Smells - Avoid anything with heavy smells to it, if its something say like a paint that smells when wet, let it dry and air off, otherwise they can get freaked out by strong odors.

The plants I'm unsure of, some member keep real plants inside their cages, fake ones I'd say are probably alright, I'd stay away from anything that has wire in it, and watch that the hedgehog isn't eating on it. They eat bugs, so I don't think they pay too much attention to plants.

Welcome to HHC


----------



## krbshappy71 (Jul 17, 2009)

I use decorative kleenex boxes with the seasonal patterns. For extra warmth and digging needs, I stick fleece strips in them and for extra, extra warmth for Riley I have a fabric cover over his. (can't see the pattern but oh well he likes to be cozy, you could use decorative fleece patterns)

I decorate prescription bottles that have been washed and the child-proof cap put on tightly.

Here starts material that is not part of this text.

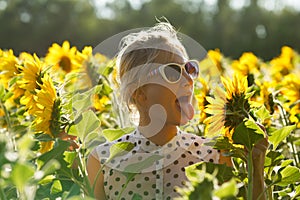 Woman clowns in the sunflowers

For my other critters I trust the decorations that are in the Fish aisle because they have to be safe for fish so I figure safe in general but I don't have any decorations in the hedgie houses. 

Also, if you are doing fleece liners you can get creative with those patterns, mix and match colors and patterns.


----------



## PJM (May 7, 2010)

Welcome to HHC! I haven't thought too much about decorating the cage. I think I would really like to get decorative name plates for each hedgie though.

When you do decorate (and have a hedgie) we'd love to see pictures.


----------



## Olympia (Aug 4, 2010)

The only decorative thing in my cages are the liners, I love to use different colors and patterns. Whatever you use in your cage should be hedgie safe of course, but also washable or something you won`t mind throwing away if it`s not because some hedgies will pee and poop everywhere. My Zoé is in a sterilite bin and I sometimes find poop stuck to the wall about two inches over her litter pan. :shock: I`m not even sure how she does that!  And recently, Clémentine likes to drag her toys in her used litter pan. Unfortunately, she also decided she didn`t want a paper towel in there anymore so I`ve had to wash pee covered toys a couple of times. Yuck!


----------